··· Data
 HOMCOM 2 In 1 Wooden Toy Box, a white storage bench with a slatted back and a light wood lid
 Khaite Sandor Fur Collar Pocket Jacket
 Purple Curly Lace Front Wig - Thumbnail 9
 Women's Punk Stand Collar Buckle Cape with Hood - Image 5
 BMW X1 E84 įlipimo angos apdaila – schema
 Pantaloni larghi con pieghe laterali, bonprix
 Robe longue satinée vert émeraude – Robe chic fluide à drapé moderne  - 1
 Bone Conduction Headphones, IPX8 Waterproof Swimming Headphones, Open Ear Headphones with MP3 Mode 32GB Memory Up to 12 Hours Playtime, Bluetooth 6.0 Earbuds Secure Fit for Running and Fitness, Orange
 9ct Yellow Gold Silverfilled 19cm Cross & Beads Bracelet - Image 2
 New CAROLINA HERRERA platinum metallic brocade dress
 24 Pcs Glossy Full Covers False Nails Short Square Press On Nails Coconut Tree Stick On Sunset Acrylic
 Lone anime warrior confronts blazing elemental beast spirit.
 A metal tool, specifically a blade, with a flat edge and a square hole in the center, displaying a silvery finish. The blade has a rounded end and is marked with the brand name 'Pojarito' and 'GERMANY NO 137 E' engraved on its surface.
······
About this task:
Where the word "Image" shows up in a line of the entries above, count that line; the answer is the total alone.

Exercise result:
2